The GPU0 in my server has been occupied by others’ processes, so I blocked GPU0 and use mp.spawn to train my model, but it failed to create train process.

This is reproducible example:

import torch
import torch.multiprocessing as mp
import torch.nn as nn
import torch.optim as optim
import os
import torch.distributed as dist

def train(rank, gpu_ids):
    device_id = gpu_ids[rank]
        backend="nccl", init_method="env://", world_size=len(gpu_ids), rank=device_id)
    print(f"Rank {rank} is using device {device_id}")
    model = nn.Linear(10, 1).to(device_id)
    optimizer = optim.SGD(model.parameters(), lr=0.01)
    input_data = torch.randn(5, 10).to(device_id)
    target = torch.randn(5, 1).to(device_id)
    for epoch in range(5):
        output = model(input_data)
        loss = nn.MSELoss()(output, target)
        print(f"Rank {rank}, Epoch {epoch}, Loss: {loss.item()}")

def test_main():
    os.environ['CUDA_VISIBLE_DEVICES'] = '1,2'
    os.environ["MASTER_ADDR"] = ''
    os.environ["MASTER_PORT"] = '12345'
    gpu_ids = [1]
    world_size = len(gpu_ids)
    mp.spawn(train, args=(gpu_ids,), nprocs=world_size, join=True)

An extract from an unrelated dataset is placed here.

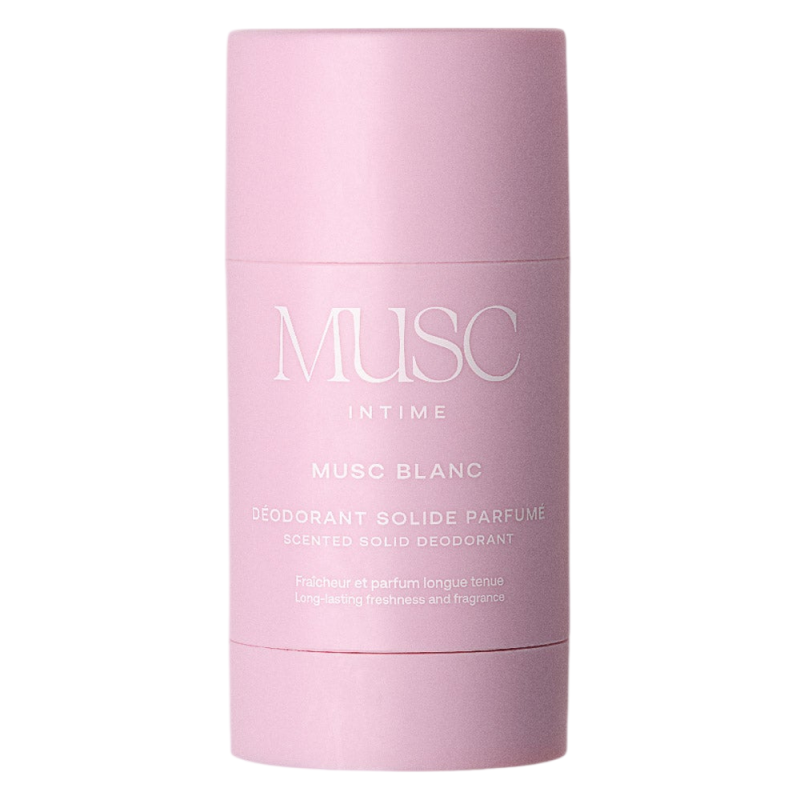 Musc Intime Musc Blanc Déodorant Solide Parfumé 50gr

In my test, the train() method stucked in here:

dist.init_process_group(backend="nccl", init_method="env://", world_size=len(gpu_ids), rank=device_id)

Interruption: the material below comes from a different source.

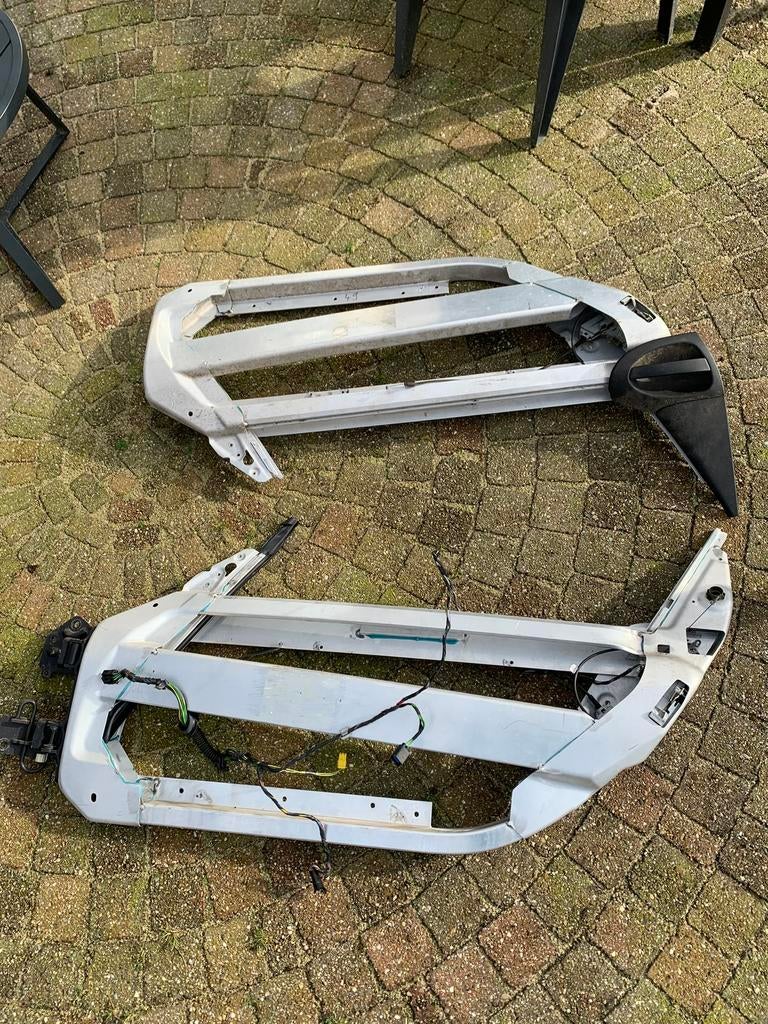 Smart roadster deur rechts inclusief slot, Ophalen of Verzenden, Smart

So what happened and how to solve it?

Hi @forestbat,

this is because you’re giving device_id as rank to init_process_group which is 1 in your case. And as world size is 1 in your case (len(gpu_ids)) it probably waits for rank 0 to show up.

If you switch to rank=rank instead of device_id it works but there is another issue. As soon as you define CUDA_VISIBLE_DEVICES you can just address the GPUs with 0,1,2,… etc. The mapping from cuda:0 to gpu1 happens automatic. In your code your model will actually end up on gpu2 as cuda:1 maps to gpu2.